==== Records for the task ====

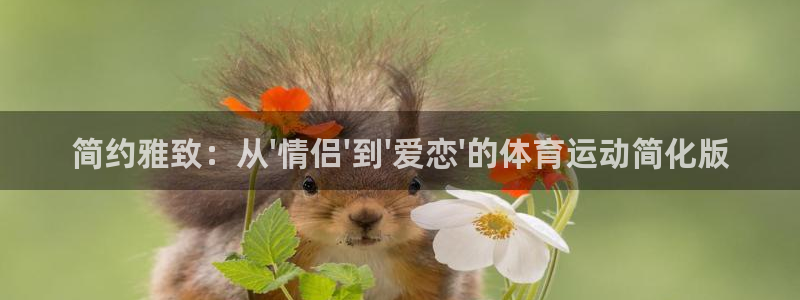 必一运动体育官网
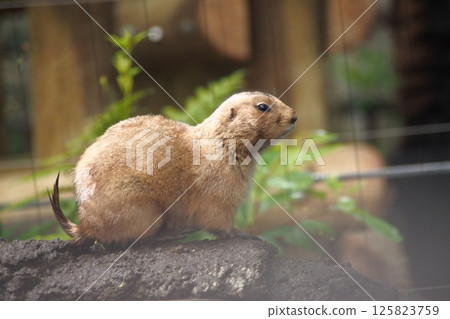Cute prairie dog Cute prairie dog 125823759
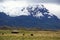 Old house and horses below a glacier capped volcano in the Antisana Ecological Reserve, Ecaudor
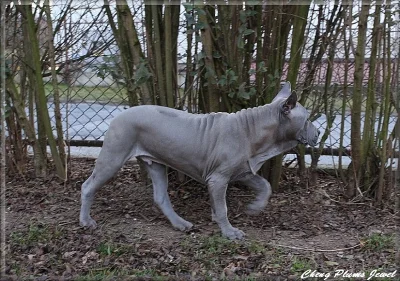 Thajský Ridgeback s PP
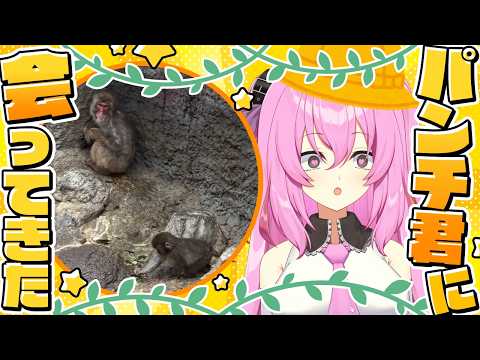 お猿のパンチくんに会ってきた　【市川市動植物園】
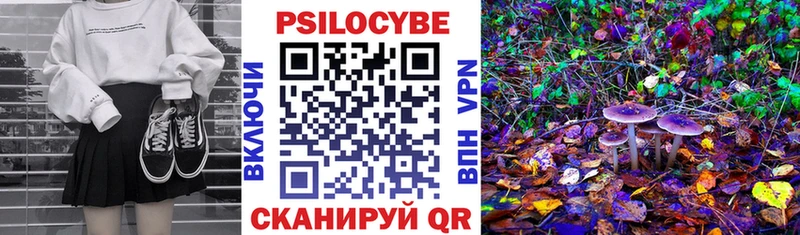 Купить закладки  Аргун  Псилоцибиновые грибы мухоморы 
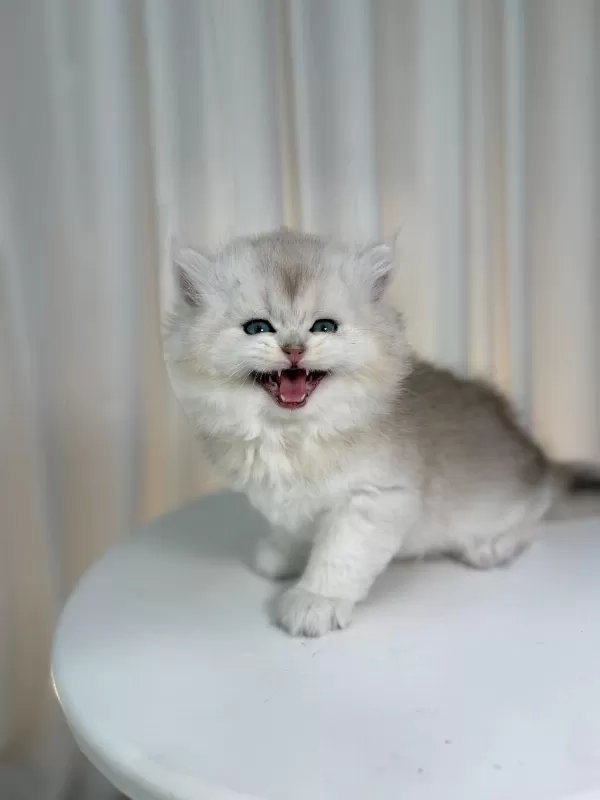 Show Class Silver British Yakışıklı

====

From the first line to the last, restate the entries exactly, without pictures.

 必一运动体育官网
Cute prairie dog Cute prairie dog 125823759
 Old house and horses below a glacier capped volcano in the Antisana Ecological Reserve, Ecaudor
 Thajský Ridgeback s PP
 お猿のパンチくんに会ってきた　【市川市動植物園】
 Купить закладки  Аргун  Псилоцибиновые грибы мухоморы 
 Show Class Silver British Yakışıklı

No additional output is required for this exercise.